Rani menuju tempat parkir di belakang gedung. Rafa terlihat gugup, melihat Rani berjalan semakin cepat, kenapa juga memilih tempat parkir di belakang untuk bicara. Sebisa mungkin dia mencegah langkah Rani.
“Cowok yang bicara sama kamu, kapan hari di taman belakang itu siapa? Pasien? Keluarga pasien?” Tanya Rafa mencoba menghentikan langkah Rani. Pintu belakang yang mengarah ke tempat parkir hanya tinggal satu meter dari mereka berdiri.
Rani menjawab santai sambil melanjutkan langkahnya pelan-pelan, ada nada cemburu yang ditangkap Rani dari pertanyaan Rafa, “Elu, kenapa mau tau? Kan gue juga bukan sodara elu.” Nada bicara Rani mulai dingin.
“Jawab aja. Aku mau tau aja, apa kamu udah lama punya hubungan sama dia?”
Rani tertawa sumbang. Mereka sudah berada di tempat parkir yang lenggang, tidak terlihat siapapun disini, namun tidak jauh dari tempatnya berdiri ada pos penjaga. Rani hanya berjaga-jaga jika nanti Rafa susah disuruh pergi, dia bisa minta tolong petugas security tanpa harus menimbulkan keributan, itu salah satu tujuannya bicara ditempat ini.

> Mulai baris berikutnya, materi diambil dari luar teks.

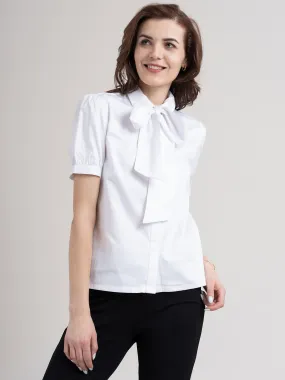 Cotton Tie Up Neck Shirt - White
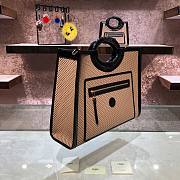 FENDI PERFORATED LEATHER RUNAWAY SHOPPER 8BH351 SIZE 45 CM - 4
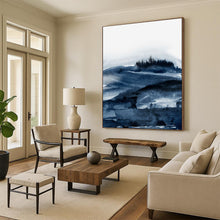 Load image into Gallery viewer, Indigo Mountain Mist – Watercolor Landscape with Deep Blues DTP230
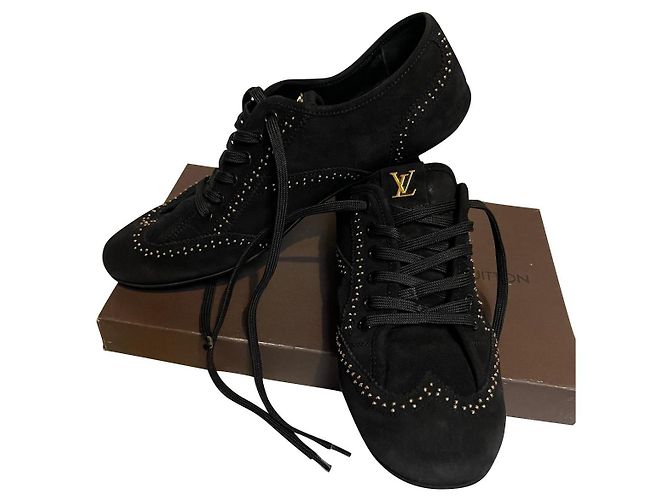 Baskets Louis Vuitton Lyrics en daim noir et détails dorés Bijouterie dorée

“Gue nggak nyangka elu malah nanya gitu. Sebenarnya siapa yang ninggalin dan siapa yang ditinggalin disini?” Rani mulai emosi menghadapi Rafa.
“Ran… kalo kamu tau hubungan kita, udah nggak mungkin dilanjutin lagi.”
“Nggak mungkin dilanjutin… karena kamu lebih milih cewek lain, karena kamu selingkuh sama cewek lain, gitu.” Tandas Rani. Dia tidak paham lagi dengan pola pikir Rafa, sebenarnya apa tujuannya kemari, jika sudah tau hubungan mereka tidak mungkin dilanjutkan lagi. Hanya sekedar untuk bertanya siapa pria yang berbicara dengan Rani tempo hari, sungguh betapa Rafa mungkin tidak menyadari, bahwa harga dirinya telah jatuh saat ini.
“Dan kamu sendiri gimana? Sama cowok itu… siapa dia? Pasien kamu selama ini nggak pernah ada yang kayak gitu.”